WORK INSTRUCTION: Without the pictures, write the listing below out again, line for line.

INFORMATION PROVIDED:
>>>

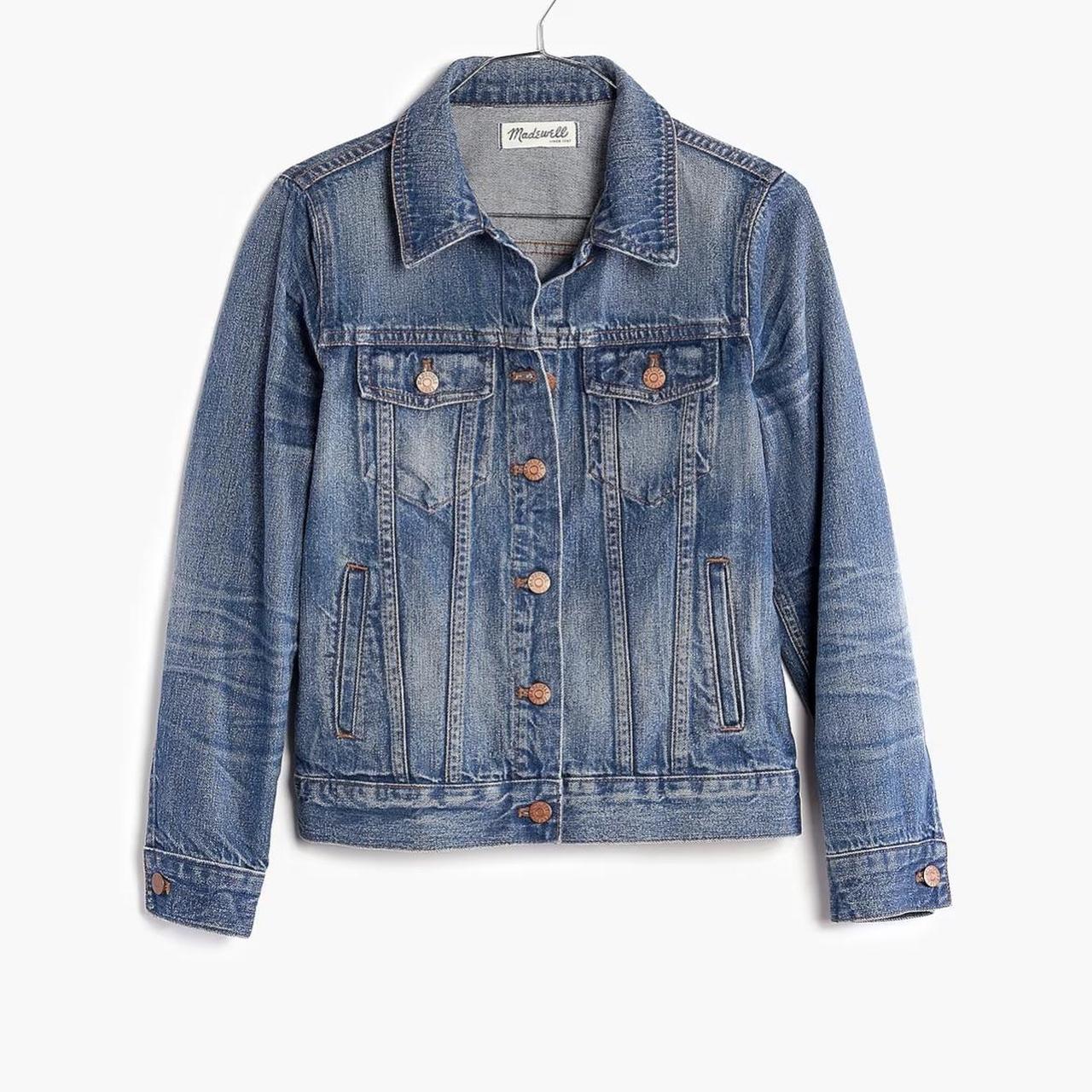 Madewell Women's Jacket | Depop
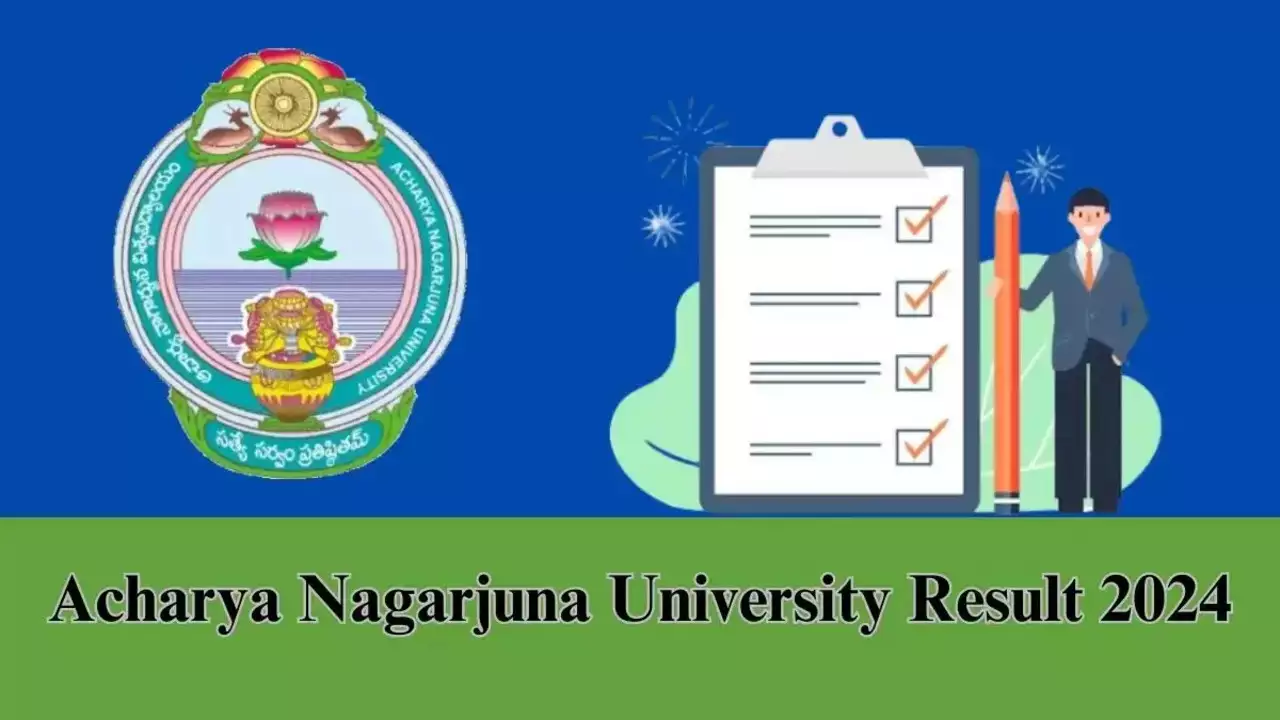 ANU results, university, acharya nagarjuna, anucde, The Acharya Nagarjuna University (ANU) publishes the results for its various courses.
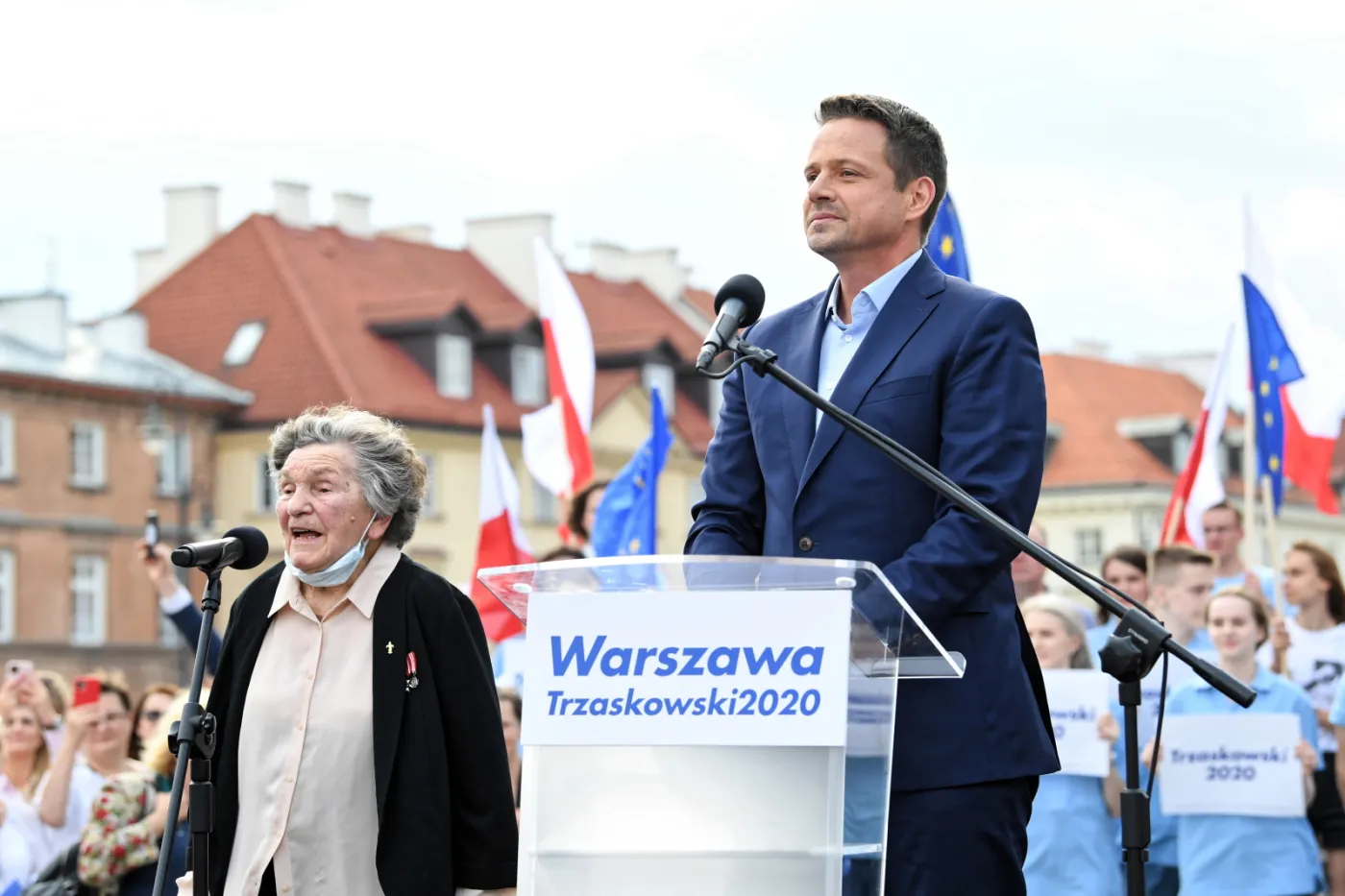 Trzaskowski: Nie damy sobie odebrać dumy z tego, jak zmieniliśmy Polskę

<<<

OUTPUT FOR THIS TASK:
 Madewell Women's Jacket | Depop
 ANU results, university, acharya nagarjuna, anucde, The Acharya Nagarjuna University (ANU) publishes the results for its various courses.
 Trzaskowski: Nie damy sobie odebrać dumy z tego, jak zmieniliśmy Polskę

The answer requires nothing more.